Editorial: Higher education caught in governor’s game with voters
In his proposed 2012-13 budget, Gov. Jerry Brown is playing a high-stakes game when it comes to higher education.
His newest plan continues a 27 percent reduction in funding for the California State University system as well as a continuation of dramatic cuts for community colleges. The University of California system gets some one-time adjustments, but it too faces another year of dramatically reduced state funding. The proposed funding for CSU alone, while it remains at $2 billion systemwide, is far below levels that are required to meet its commitments to freshman and transferring community college students.
For the Tri-Counties, the stakes are extremely high. All budget cuts curb the ability of Cal Poly San Luis Obispo to attract the faculty and staff that make it a world-class institution. Even worse, the state is not holding up its end of the bargain when it vowed that CSU Channel Islands would become a major force in higher education in Ventura County and beyond — if the private sector did its share. Thanks to the noble efforts of President Richard Rush, Channel Islands has attracted millions of dollars in private funding, but it is the public side that’s fallen behind.
What the governor is doing is counting on the electorate being so angry about the cuts that it’s willing to pass a series of tax measures in November that would raise income taxes yet again and increase state sales tax rates.
If all goes as planned, the measure will generate $7 billion a year in revenue that would restore some of the cuts — from the UC system all the way down to K-12. If voters do not approve the measure, more cuts are in store, including $200 million more for CSU, an amount equal to funding for 27,000 students.

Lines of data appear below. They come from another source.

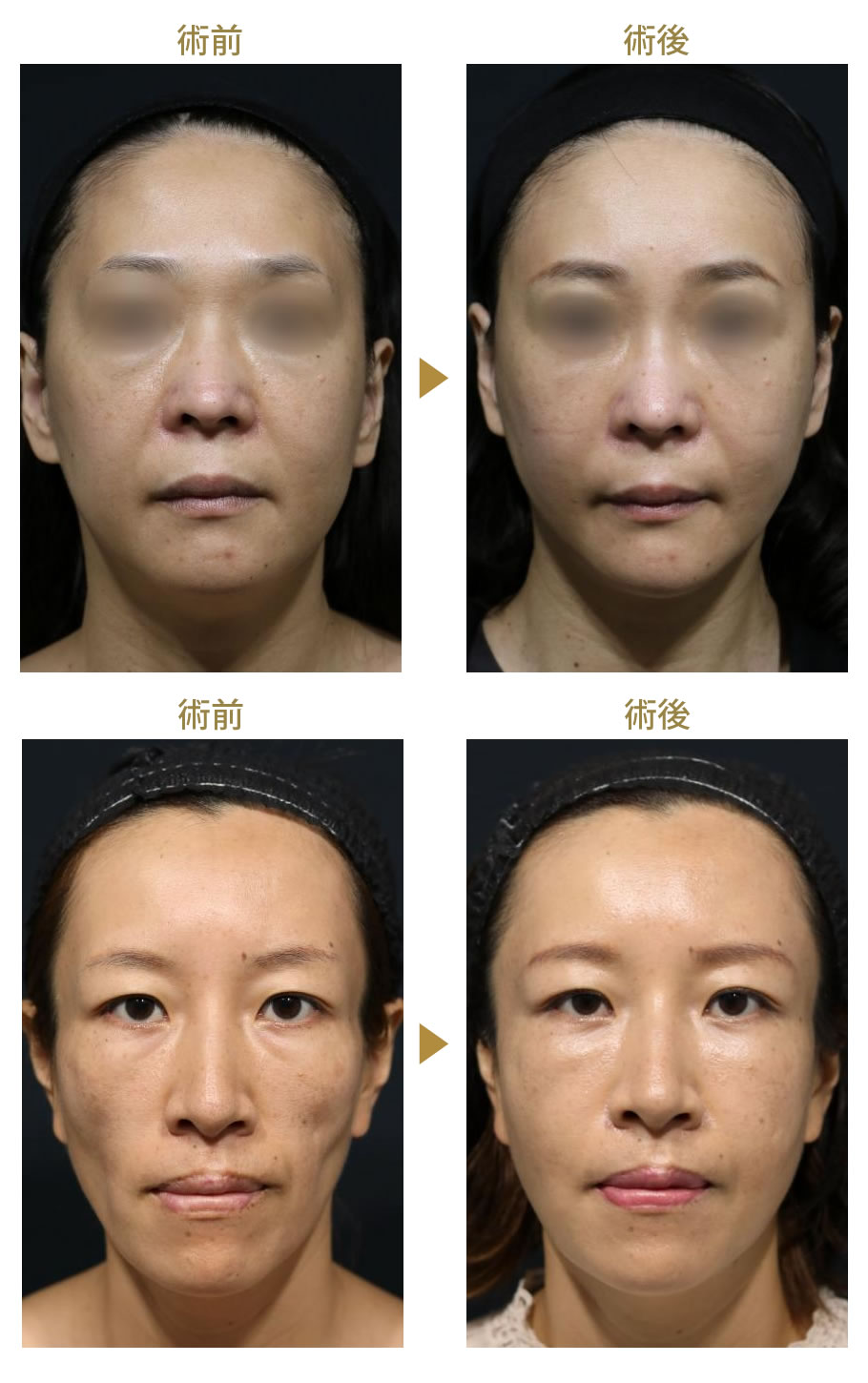 糸リフト クマ取り 脂肪移植 若返りモニター募集 美容整形 美容外科の湘南美容クリニック 糸リフト クマ取り 脂肪移植 若返りモニター募集 美容整形 美容外科の湘南美容クリニック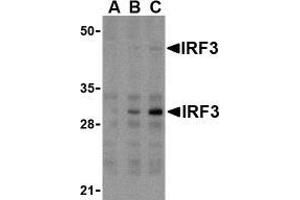 Western blot analysis of IRF3 in U937 whole cell lysate with AP30448PU-N IRF3 antibody at (A) 1, (B) 2, and (C) 4 μg/ml. (IRF3 抗体  (Intermediate Domain))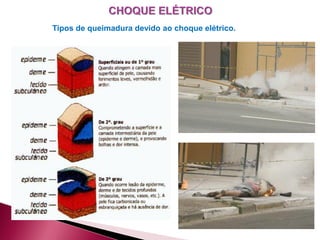 Tipos de queimadura devido ao choque elétrico.
 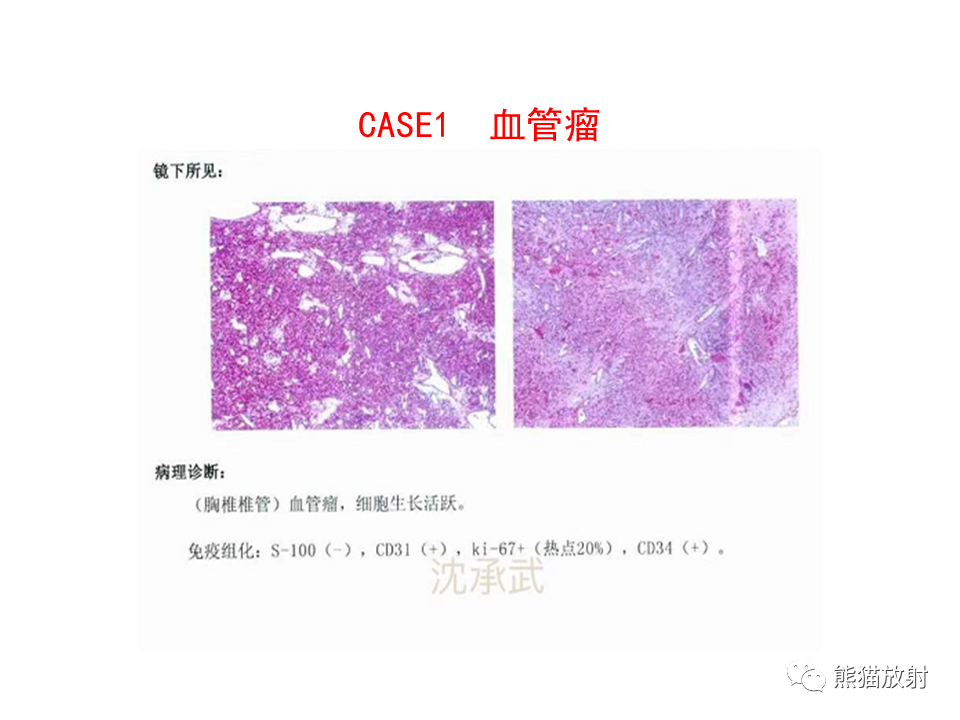 影像PPT - 【病例】椎管内髓外硬膜下血管瘤VS神经鞘瘤-16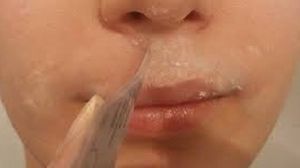 Reteta asta din trei ingrediente te scapa de parul de pe fata pentru totdeauna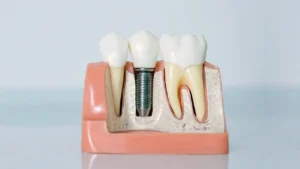 Formulaciones para impresión 3D y 4D: poliacrilatos multifuncionales
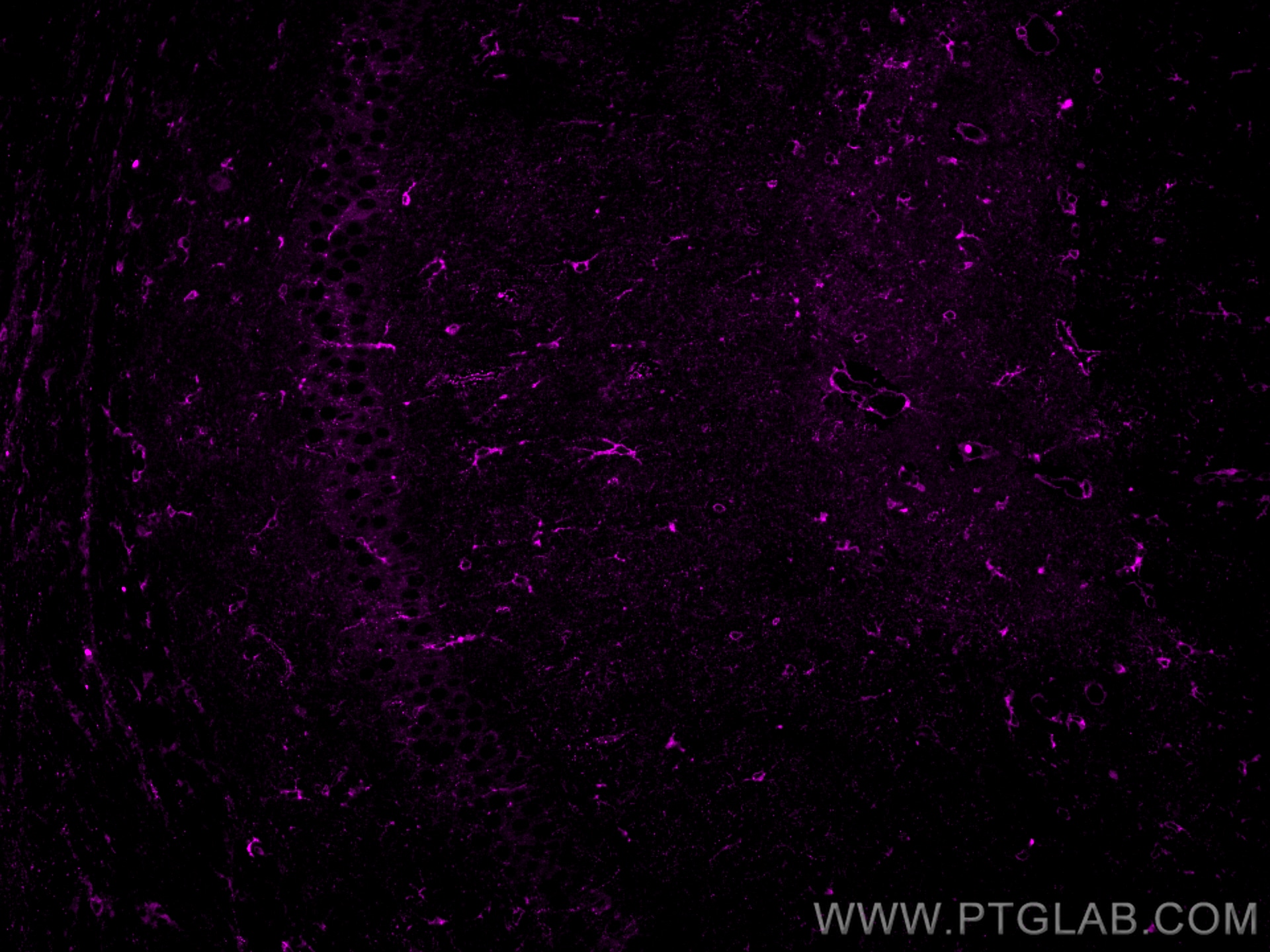 IF Staining of mouse brain using CL647-27585 Immunofluorescence (IF) / fluorescent staining of mouse brain tissue using CoraLite® Plus 647-conjugated TMEM119 Polyclonal a (CL647-27585)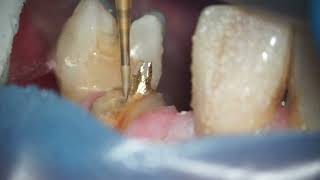 Dentatus Screw Post Removal [upl. by Hadwin]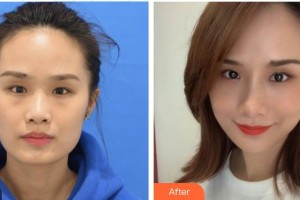 深圳希瑪林順潮眼科醫(yī)院萬竹整形價(jià)格表附激光去眼袋案例展示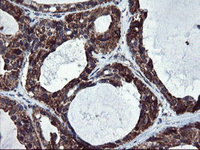 ab128079, at 1/150 dilution, staining SnoN in paraffin-embedded Human breast tissue by Immunohistochemistry.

“Our campuses have done everything they can to get through this fiscal year with a $750 million budget cut,” CSU Chancellor Charles B. Reed said in a statement. He added that with any more cuts, “we will need to take more drastic measures” including enrollment cuts.
While the governor plays his game of budget chicken with voters, time is not on California’s side. Demands for a skilled workforce keep rising with much of the competition coming from Asia, where the Golden State once was poised to dominate in trade and manufacturing. According to the Public Policy Institute of California, it will take one million more college graduates by 2025 to keep the state competitive.